Moon, who voted in the southern port city of Busan, was quoted as saying: "The only way for the people to change the world is voting. The only way for the people to stand above political power is voting. ... If you have been unsatisfied over the last five years, please change the world with your votes."
Yonhap News said the candidates have divergent views on issues such as relations with the Communist North Korea, the free-trade agreement with the United States, corporate reforms and welfare policies.
The elections are being held a week after a belligerent North Korea, in its latest violation of U.N. Security Council resolution, fired off a long-range rocket to put a satellite in space that has raised concerns about whether the secretive and isolated country has progressed to developing intercontinental ballistic missiles capable of carrying nuclear weapons.
Yonhap said election officials were reporting a voter turnout of 11.6 percent 3 hours after polling began at 6 a.m. in freezing weather. The turnout was better than the 9.4 percent registered at the same time in the 2007 presidential poll, with the final turnout then at 63 percent.
South Korea's three major television stations were to announce results of their joint exit polls after polling closed at 6 p.m., although final official results will not be known until early Thursday.

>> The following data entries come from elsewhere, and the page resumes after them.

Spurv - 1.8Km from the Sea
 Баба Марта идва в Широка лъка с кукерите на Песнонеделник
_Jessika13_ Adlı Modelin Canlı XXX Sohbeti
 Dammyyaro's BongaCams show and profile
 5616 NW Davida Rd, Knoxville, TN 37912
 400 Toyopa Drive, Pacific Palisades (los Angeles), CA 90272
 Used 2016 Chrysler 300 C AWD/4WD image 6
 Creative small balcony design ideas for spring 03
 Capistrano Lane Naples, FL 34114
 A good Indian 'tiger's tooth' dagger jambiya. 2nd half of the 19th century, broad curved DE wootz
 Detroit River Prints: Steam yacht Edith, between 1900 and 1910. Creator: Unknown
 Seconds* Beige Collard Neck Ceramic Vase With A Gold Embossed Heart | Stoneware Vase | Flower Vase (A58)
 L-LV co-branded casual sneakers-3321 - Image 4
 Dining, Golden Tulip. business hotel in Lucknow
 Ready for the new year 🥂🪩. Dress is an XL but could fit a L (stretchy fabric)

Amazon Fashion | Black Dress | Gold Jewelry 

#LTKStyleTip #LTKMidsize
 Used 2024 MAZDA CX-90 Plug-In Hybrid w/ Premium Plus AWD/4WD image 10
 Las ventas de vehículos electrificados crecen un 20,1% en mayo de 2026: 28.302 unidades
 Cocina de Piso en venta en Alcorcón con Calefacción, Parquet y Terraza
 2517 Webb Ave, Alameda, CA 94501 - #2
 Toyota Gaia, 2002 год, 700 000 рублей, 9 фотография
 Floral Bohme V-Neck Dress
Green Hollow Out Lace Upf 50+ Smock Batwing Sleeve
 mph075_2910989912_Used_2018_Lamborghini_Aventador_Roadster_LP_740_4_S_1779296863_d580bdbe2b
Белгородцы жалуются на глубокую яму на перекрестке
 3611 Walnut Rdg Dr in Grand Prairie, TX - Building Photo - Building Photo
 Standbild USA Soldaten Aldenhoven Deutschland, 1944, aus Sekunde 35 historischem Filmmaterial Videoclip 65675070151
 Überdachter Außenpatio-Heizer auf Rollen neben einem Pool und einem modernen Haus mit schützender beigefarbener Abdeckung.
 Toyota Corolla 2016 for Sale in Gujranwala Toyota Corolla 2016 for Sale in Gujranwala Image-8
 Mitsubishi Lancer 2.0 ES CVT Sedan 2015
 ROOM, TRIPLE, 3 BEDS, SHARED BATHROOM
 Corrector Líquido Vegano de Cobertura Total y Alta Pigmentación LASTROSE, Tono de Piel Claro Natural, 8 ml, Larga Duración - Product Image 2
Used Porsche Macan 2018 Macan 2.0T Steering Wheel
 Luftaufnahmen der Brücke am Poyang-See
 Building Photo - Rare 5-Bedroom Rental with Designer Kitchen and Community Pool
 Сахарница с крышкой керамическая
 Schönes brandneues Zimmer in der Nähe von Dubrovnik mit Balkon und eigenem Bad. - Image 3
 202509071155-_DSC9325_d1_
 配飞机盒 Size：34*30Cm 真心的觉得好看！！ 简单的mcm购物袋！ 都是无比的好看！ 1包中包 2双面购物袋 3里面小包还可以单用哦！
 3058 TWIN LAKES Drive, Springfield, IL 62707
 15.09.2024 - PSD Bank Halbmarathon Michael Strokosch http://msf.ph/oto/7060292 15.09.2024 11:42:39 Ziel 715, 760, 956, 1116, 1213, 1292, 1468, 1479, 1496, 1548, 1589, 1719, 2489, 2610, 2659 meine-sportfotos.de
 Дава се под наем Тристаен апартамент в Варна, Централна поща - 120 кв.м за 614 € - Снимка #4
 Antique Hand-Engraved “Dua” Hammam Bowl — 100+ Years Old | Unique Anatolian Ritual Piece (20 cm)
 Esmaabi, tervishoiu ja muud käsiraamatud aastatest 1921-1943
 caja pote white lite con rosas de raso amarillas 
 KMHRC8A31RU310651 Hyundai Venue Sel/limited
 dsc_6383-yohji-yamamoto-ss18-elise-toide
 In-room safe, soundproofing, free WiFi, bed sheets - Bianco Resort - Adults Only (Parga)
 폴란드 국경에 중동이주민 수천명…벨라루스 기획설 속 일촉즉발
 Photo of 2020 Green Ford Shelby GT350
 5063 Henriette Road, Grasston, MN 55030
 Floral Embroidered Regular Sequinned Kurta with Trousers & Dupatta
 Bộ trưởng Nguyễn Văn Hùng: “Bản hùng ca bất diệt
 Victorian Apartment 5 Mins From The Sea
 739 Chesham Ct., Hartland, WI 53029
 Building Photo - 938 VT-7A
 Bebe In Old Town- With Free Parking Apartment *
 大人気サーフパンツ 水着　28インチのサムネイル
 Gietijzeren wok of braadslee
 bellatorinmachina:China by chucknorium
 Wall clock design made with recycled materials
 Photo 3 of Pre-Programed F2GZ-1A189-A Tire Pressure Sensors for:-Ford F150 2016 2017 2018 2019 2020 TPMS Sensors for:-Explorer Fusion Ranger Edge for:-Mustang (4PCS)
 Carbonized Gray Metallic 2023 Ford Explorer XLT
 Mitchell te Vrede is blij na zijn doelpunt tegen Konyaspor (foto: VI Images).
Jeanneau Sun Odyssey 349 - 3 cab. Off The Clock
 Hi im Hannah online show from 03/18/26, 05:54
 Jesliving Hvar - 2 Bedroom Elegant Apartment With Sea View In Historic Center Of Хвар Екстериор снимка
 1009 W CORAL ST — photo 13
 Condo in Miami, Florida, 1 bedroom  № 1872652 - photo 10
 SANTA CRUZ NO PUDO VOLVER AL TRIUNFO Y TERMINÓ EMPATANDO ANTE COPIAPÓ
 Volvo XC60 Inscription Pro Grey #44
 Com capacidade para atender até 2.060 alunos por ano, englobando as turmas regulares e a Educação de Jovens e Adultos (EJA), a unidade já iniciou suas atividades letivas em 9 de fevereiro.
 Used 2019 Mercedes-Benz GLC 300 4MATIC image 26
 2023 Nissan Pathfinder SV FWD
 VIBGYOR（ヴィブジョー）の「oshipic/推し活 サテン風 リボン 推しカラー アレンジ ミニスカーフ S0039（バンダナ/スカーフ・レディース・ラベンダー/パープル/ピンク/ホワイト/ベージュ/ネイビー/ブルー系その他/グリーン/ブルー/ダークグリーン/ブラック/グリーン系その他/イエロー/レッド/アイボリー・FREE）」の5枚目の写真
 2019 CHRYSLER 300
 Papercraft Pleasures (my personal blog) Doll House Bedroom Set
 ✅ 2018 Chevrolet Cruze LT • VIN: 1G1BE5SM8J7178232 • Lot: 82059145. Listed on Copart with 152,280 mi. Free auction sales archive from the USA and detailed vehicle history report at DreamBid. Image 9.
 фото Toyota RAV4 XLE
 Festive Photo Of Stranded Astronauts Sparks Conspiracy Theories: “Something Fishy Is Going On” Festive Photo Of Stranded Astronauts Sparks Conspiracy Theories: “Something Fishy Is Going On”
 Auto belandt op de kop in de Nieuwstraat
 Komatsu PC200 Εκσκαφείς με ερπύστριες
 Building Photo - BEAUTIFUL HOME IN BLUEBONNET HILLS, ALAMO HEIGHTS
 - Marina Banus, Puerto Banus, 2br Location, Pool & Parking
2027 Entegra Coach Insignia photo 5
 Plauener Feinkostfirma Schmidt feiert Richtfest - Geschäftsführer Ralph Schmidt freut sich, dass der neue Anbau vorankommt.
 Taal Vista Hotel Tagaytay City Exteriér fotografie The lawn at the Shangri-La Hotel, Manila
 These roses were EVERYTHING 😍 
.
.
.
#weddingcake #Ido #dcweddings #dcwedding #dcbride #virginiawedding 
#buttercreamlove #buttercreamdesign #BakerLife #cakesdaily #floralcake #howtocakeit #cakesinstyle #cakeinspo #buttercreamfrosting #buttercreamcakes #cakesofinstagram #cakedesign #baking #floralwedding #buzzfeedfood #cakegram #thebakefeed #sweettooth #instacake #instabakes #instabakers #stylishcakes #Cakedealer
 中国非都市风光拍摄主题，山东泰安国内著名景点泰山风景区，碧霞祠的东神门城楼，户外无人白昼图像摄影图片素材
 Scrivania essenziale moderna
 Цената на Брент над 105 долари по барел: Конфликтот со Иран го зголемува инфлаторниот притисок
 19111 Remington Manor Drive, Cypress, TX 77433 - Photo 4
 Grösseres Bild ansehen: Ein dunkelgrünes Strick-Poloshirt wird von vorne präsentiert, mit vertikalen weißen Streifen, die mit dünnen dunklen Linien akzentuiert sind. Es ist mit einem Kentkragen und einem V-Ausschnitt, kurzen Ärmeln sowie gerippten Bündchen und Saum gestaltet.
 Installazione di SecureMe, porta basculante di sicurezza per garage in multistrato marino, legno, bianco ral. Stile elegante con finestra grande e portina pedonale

Earlier in the campaign, software tycoon Ahn Cheol-soo withdrew from the race and threw his support to Moon, making the race tighter, Yonhap said. The report said as the contest heightened, accusations and counter-accusations of illegal electioneering flew.
"We expect a very close race, so it will probably take some time before a winner becomes evident," Chosun Ilbo newspaper quoted an official at the National Election Commission as saying.